Amplitude Formula
Before going to learn what is amplitude formula, let us recall what is amplitude. The maximum displacement of any particle of a medium, from its state or a position of equilibrium, is called the amplitude. Amplitude is represented with 'A'. In a periodic function with a bounded range, the amplitude is half the distance between the minimum and maximum values. The amplitude is a height from the centerline to the peak or to the trough. Let us learn the altitude formula along with a few solved examples.
What Is Amplitude Formula?
The sine function (or) cosine function can be expressed as, x = A sin (ωt + ϕ) (or) x = A cos (ωt + ϕ). In each of these functions, A represents the amplitude.
Here,
 y = displacement of wave (meter)
 A = amplitude
 ω = angular frequency (rad/s)
 t = time period
 ϕ = phase angle
The amplitude formula is also expressed as the average of the maximum and minimum values of the sine or cosine function. i.e.,
Amplitude = (max + min) / 2
Let us see the applications of the amplitude formula in the section below.

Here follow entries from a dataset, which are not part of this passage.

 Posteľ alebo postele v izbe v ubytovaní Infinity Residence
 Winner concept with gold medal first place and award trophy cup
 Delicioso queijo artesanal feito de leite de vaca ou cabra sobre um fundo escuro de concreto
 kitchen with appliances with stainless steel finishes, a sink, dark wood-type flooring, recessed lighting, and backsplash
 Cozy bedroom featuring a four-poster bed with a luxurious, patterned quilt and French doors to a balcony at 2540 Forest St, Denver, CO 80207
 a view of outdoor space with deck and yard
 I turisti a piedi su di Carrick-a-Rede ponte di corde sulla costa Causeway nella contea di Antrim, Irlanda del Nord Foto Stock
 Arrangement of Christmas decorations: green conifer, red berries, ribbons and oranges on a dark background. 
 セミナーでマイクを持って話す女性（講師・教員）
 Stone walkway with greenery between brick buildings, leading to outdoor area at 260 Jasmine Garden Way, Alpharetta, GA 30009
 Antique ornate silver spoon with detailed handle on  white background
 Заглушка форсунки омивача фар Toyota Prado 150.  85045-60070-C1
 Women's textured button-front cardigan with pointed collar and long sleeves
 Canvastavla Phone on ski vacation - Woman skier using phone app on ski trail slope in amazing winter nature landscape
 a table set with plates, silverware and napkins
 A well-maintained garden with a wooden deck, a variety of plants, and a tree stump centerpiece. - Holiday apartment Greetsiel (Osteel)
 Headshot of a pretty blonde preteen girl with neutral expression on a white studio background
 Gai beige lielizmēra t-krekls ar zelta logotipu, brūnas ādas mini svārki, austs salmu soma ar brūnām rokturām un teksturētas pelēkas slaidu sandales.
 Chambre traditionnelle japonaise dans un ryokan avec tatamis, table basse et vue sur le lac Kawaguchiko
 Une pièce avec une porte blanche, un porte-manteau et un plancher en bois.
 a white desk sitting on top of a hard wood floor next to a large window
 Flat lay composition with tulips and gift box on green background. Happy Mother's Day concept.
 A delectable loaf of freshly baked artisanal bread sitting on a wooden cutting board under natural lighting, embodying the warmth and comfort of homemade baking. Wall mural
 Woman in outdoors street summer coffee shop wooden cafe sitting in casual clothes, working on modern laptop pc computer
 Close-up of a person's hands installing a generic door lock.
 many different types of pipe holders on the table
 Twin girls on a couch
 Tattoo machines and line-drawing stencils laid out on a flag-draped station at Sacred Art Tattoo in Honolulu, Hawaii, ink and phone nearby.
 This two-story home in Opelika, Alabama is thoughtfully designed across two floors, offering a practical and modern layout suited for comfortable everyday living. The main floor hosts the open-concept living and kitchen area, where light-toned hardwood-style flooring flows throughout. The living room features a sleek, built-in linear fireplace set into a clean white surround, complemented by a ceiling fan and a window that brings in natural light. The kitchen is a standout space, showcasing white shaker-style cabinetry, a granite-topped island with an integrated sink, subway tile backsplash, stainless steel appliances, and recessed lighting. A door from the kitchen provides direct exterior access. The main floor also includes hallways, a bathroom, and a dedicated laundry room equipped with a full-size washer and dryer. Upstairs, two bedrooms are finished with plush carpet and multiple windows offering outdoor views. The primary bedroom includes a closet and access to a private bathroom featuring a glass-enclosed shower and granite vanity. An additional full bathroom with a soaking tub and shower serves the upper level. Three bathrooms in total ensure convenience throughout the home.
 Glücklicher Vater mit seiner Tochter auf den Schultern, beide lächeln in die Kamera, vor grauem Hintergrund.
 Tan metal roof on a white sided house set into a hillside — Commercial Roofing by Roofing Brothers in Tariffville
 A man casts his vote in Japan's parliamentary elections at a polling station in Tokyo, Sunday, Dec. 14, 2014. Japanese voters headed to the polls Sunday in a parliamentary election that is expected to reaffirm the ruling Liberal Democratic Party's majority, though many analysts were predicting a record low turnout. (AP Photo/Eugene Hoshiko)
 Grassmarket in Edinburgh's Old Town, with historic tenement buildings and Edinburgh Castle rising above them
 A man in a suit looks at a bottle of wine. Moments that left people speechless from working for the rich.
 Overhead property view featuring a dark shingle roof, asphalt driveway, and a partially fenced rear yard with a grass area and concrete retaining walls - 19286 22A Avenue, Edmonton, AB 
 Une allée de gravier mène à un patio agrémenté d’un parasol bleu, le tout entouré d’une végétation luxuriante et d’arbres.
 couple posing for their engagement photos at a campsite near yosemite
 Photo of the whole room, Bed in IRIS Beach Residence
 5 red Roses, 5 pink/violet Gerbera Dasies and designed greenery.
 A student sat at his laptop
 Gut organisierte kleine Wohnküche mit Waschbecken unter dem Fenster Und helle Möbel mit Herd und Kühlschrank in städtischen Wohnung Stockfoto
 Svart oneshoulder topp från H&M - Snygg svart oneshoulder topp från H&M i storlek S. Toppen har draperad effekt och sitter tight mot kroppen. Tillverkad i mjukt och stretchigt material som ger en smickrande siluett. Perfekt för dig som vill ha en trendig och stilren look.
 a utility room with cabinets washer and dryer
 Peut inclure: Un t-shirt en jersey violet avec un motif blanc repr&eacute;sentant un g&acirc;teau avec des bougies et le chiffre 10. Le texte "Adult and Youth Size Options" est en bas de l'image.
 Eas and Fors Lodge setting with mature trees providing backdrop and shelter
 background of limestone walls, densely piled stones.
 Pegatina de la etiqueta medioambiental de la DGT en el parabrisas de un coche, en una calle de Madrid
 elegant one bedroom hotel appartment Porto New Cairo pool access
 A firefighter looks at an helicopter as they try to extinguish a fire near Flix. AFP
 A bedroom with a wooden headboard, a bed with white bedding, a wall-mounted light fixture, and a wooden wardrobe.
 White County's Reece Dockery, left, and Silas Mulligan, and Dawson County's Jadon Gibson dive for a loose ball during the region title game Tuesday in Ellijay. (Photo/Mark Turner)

Example 1: y = 2sin(4t) is a wave. Find its amplitude.
Solution:
To find: Amplitude of the wave
Given: equation of wave y = 2sin(4t)Using amplitude formula,
x=A sin(ωt + ϕ)
On comparing it with the wave equation:
A = 2
ω = 4
ϕ = 0
Answer: Amplitude of the wave = 2 units.

Example 2: The equation of a wave is given by x = 10sin(5πt+π) is a wave. Find its amplitude.
Solution:
To find: The amplitude of the wave
Given: equation of wave y = 10sin(5πt + π)Now, using amplitude formula,
x=A sin(ωt + ϕ)
On comparing it with the wave equation:
A = 10
ω = 5π
ϕ = πAnswer: Amplitude of the wave = 10 units.